E do Mar Nasceu retrata a comunidade piscatória local e o processo de politização da mesma, nomeadamente através da criação de cooperativas, dividindo-se em dois momentos: por um lado, a montagem alterna entre a tentativa de traçar a génese e a história do lugar recorrendo a material de arquivo e a um narrador em voz-off; por outro, uma série de quadros vivos, notoriamente encenados, que retratam o quotidiano familiar e de trabalho das famílias caxineiras. Os diálogos versam sobre tramas corriqueiras, adquirindo um tom cómico, que remete para o imaginário popular de crenças, mitos e superstições (alguém dirá, a certa altura: “Eu tenho muito medo das bruxas, comadre”).

A figura da mulher surge como elemento fundamental ao ofício piscatório. Da força das suas mãos, filmadas em pormenor, criam-se as redes que se lançarão ao mar e transportam-se os baldes para a lota. Os planos fixos conjuntos destas mulheres no interior das casas, enquanto cosem as redes ou contam estórias, convocam a pintura barroca. Para além do cenário e da temática popular, através do acentuado contraste claro-escuro, cujos pontos de luz incidem essencialmente nos rostos que sobressaem do fundo negro, colocam-se em evidência as expressões corporais e a carga dramática das cenas.

A religiosidade tão característica destas comunidades, que enfrentam a morte pelo trabalho (fala-se, por exemplo, da "sobrevivência"), é mostrada em justaposição e por oposição à actuação de um rancho folclórico numa festa da Comissão Pró-progresso das Caxinas. Representação dentro de representação, ao aproximar-se de um diálogo da peça, operando um recorte no plano geral prévio, importa a cena para o filme, iludindo o espectador, para logo depois voltar a mostrar do que se trata.

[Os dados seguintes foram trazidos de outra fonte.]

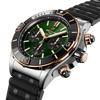 Super Chronomat B01 44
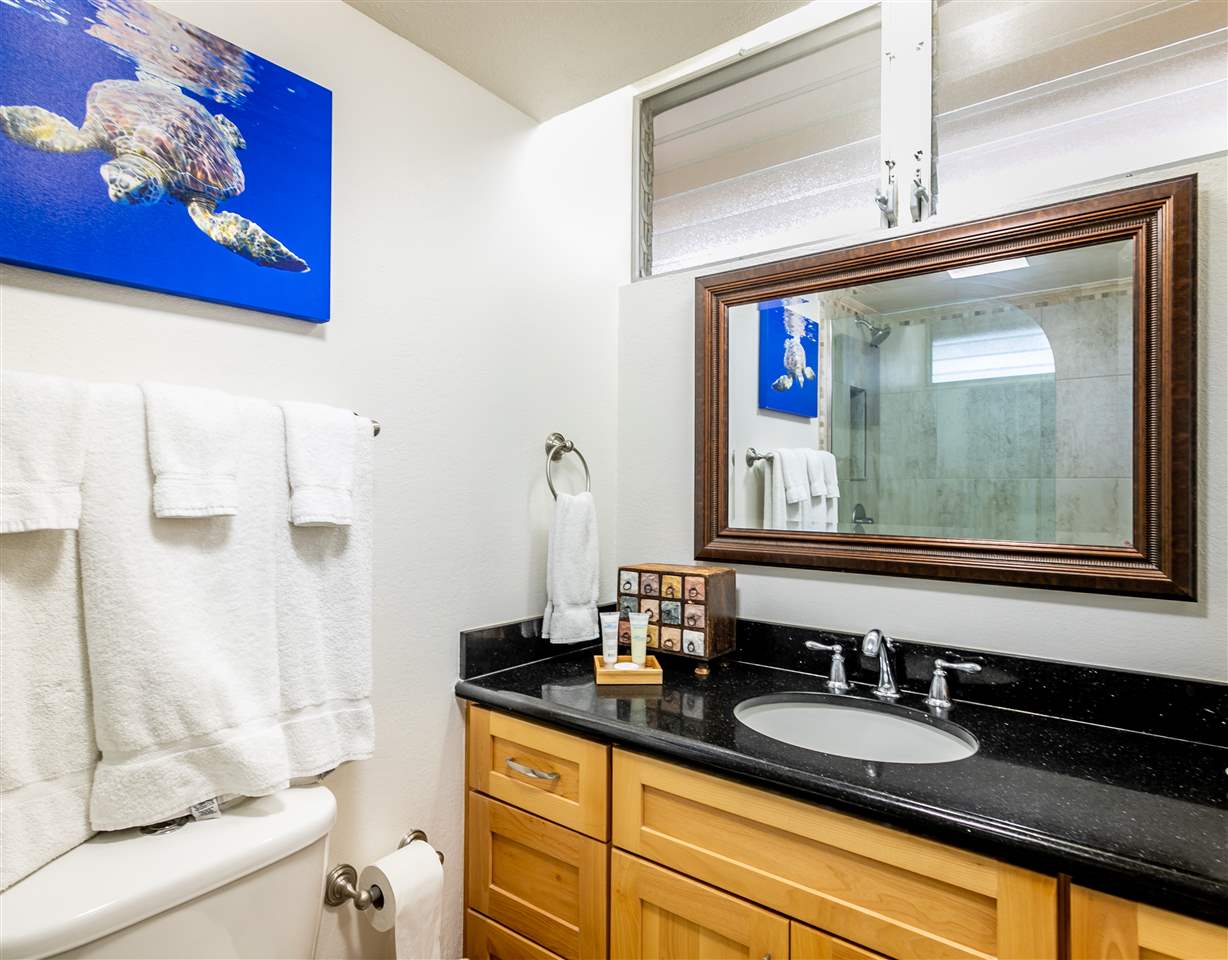 Royal Kahana condo # 105, Lahaina, Hawaii - photo 16 of 30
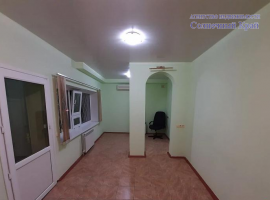 Продаётся 2-х комнатная квартира в курортном центре Анапы. 60 кв.м....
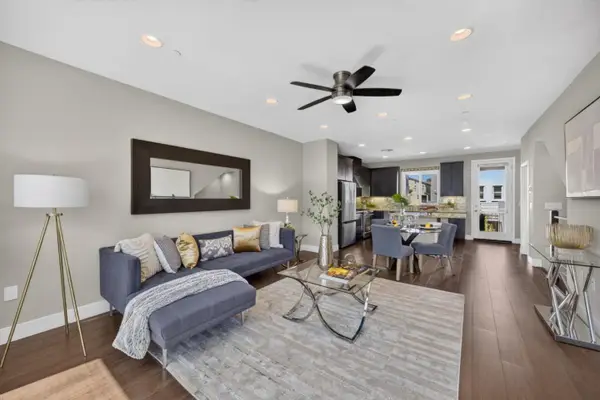 6018 Charlotte Drive, San Jose, CA 95123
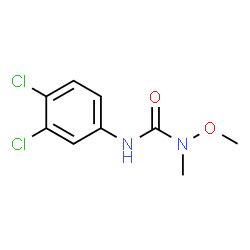 Linuron | C9H10Cl2N2O2 | ChemSpider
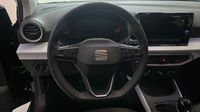 Seat Arona 1.0 TSI 95ch Edition — photo 11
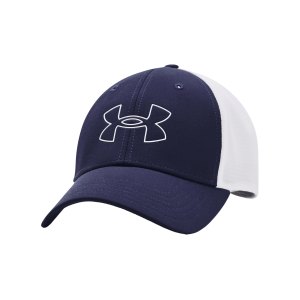 under-armour-iso-chill-mesh-adj-cap-blau-f410-1369805-equipment_front.png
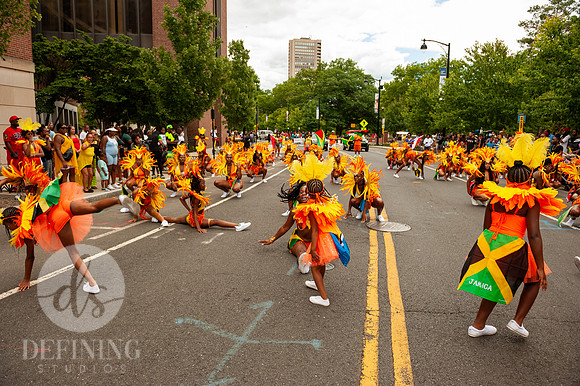 West_Indian_Parade-11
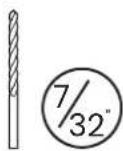 Kanto PF405 - ATTENTION - 2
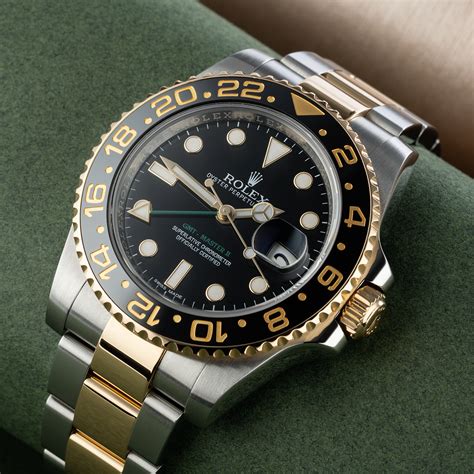 best rolex crystal for gmt master 11|Rolex gold crystal.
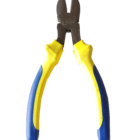 Alicate Corte Diagonal 6"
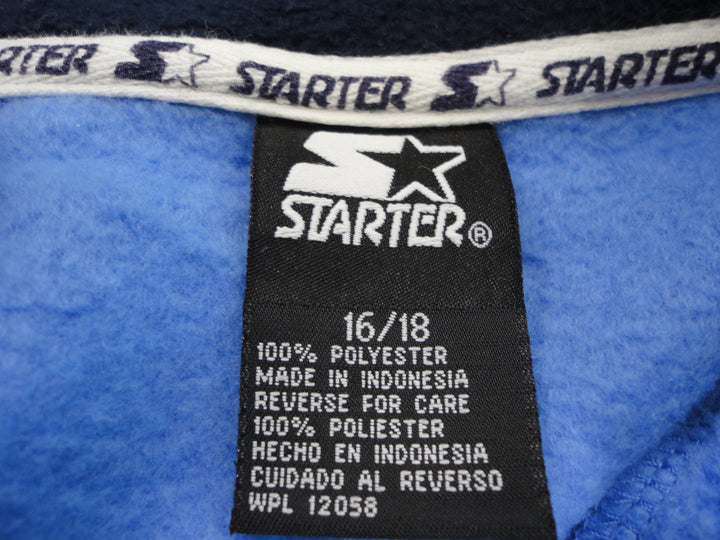 【激安古着】 STARTER　その他トップス　トップス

“Trabalhar para trabalhar para os patrões, trabalhamos para nós”, diz um dos pescadores numa reunião com um representante do Governo que visava a constituição de várias cooperativas locais, uma das quais intitulada Nós Venceremos. Essa frase mostra-nos o mar e a luta juntos, num gesto emancipatório. No fundo, encontra-se um paralelo nas acções levadas a cabo pelo próprio Grupo Zero e outras cooperativas de realização, por onde passaram por esses anos vários cineastas portugueses (Jorge Silva Melo, Solveig Nordlund, Margarida Gil, Acácio de Almeida ou mesmo João César Monteiro, entre outros). Se os pescadores anulavam o patronato em prol do colectivo, estes grupos de cineastas pretendiam anular a figura do realizador, favorecendo um cinema colectivo. Muito para lá da relevância enquanto documento histórico, E do Mar Nasceu é um filme realizado por uma cooperativa (dispositivo) sobre outras cooperativas (representações) afirmando-se, por isso, como uma experiência de partilha assente numa ideia de devir comum.